OK, so this is the Kerberos V specific spec on how to use AES in CBC
mode, which appears to describe how to chain multiple CBC encryptions
together.

CBC-CTS itself does not define this: the IV is an input only, and the
reason we happen to return the IV is because a single CBC operation
may be broken up into several ones, which can only be done on block
boundaries. This is why CBC-CTS itself passes all its tests: a single
CBC-CTS encryption only performs ciphertext stealing at the very end,
and the next IV is never used in that case. (This is why the CTS mode
tests in crypto/testmgr.h don't have iv_out vectors)

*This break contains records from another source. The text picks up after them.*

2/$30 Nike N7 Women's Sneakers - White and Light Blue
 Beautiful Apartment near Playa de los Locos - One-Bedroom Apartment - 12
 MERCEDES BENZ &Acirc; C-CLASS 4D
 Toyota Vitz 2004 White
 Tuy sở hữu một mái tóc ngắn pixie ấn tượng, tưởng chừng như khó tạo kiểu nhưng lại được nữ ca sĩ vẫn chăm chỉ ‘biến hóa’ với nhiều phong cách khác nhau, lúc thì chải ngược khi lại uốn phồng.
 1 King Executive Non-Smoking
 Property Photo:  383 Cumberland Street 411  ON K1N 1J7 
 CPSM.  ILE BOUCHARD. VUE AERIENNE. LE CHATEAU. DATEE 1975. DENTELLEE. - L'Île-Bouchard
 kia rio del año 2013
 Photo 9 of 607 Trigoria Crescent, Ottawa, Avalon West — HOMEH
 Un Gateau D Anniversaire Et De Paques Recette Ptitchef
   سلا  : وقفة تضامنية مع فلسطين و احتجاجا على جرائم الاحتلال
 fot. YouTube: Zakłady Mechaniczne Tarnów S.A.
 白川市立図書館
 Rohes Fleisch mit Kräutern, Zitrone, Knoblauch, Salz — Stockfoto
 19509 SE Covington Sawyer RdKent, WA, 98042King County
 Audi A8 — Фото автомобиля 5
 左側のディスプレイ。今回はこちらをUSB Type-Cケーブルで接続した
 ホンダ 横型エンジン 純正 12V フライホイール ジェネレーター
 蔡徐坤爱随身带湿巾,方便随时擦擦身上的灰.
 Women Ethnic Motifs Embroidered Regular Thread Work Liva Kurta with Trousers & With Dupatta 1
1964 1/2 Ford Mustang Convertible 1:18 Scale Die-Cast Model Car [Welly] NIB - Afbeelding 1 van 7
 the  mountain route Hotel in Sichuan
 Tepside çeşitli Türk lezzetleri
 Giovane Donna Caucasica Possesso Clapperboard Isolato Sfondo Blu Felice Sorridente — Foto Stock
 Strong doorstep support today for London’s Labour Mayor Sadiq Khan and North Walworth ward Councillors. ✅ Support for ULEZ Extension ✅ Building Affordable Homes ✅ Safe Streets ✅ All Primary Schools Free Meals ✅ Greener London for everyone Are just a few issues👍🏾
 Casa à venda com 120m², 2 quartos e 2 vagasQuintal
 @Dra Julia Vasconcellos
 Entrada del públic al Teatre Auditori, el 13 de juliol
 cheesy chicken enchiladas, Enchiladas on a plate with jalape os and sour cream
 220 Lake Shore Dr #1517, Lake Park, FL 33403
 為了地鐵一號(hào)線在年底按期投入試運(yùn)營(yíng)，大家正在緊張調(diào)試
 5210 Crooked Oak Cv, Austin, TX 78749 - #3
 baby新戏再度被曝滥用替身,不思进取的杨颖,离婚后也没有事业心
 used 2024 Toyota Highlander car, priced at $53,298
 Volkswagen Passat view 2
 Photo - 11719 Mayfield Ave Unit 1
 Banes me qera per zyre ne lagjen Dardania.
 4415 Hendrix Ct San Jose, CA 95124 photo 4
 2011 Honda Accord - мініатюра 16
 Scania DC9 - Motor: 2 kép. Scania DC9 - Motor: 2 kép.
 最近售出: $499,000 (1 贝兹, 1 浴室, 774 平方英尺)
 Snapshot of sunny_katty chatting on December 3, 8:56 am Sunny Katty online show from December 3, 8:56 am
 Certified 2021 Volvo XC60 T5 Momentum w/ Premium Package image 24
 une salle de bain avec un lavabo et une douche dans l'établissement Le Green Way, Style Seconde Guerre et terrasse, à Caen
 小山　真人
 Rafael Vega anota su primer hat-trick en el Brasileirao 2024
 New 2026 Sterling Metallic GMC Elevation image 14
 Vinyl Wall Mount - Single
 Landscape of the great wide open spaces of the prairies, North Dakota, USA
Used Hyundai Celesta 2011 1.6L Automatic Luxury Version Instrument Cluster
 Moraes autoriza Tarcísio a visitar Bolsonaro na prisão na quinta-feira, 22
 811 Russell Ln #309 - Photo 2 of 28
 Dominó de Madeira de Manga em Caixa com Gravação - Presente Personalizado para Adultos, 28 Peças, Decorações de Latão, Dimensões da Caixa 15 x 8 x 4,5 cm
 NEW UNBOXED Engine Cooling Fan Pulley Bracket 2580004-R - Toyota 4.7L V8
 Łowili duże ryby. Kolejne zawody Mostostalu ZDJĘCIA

Note that RFC3962 defines that the penultimate block of CBC-CTS
ciphertext is used as the next IV. CBC returns the last ciphertext
block as the output IV. It is a happy coincidence that the generic CTS
template encapsulates CBC in a way where its output IV ends up in the
right place.

> Also, these test cases pass on other hardware platforms.
>

Fair enough.

I am not opposed to fixing this, but given that it is the RFC3962 spec
that defines that the next IV is the penultimate full block of the
previous CBC-CTS ciphertext, we might consider doing the memcpy() in
the Kerberos code not in the CBC-CTS implementations. (The 32-bit ARM
code will be broken in the same way, and potentially other
implementations as well)